Tant de raisonnements offensent ma colère.
J'ai voulu vous donner les moyens de me plaire,
Rendre Oreste content ; mais enfin je vois bien
Qu'il veut toujours se plaindre, et ne mériter rien.
Partez : allez ailleurs vanter votre constance,
Et me laissez ici le soin de ma vengeance.
De mes lâches bontés mon courage est confus,
Et c'est trop en un jour essuyer de refus.
Je m'en vais seule au temple où leur hymen s'apprête,
Où vous n'osez aller mériter ma conquête.

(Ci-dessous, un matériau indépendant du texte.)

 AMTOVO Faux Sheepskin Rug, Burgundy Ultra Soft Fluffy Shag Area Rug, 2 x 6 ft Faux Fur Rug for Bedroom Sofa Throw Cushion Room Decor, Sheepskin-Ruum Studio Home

Là, de mon ennemi je saurai m'approcher,
Je percerai le cœur que je n'ai pu toucher,
Et mes sanglantes mains, sur moi-même tournées,
Aussitôt, malgré lui, joindront nos destinées ;
Et tout ingrat qu'il est, il me sera plus doux
De mourir avec lui que de vivre avec vous.

Oreste
Non, je vous priverai de ce plaisir funeste,
Madame : il ne mourra que de la main d'Oreste.
Vos ennemis par moi vont vous être immolés,
Et vous reconnaîtrez mes soins, si vous voulez.

Hermione
Allez. De votre sort laissez-moi la conduite,
Et que tous vos vaisseaux soient prêts pour notre fuite.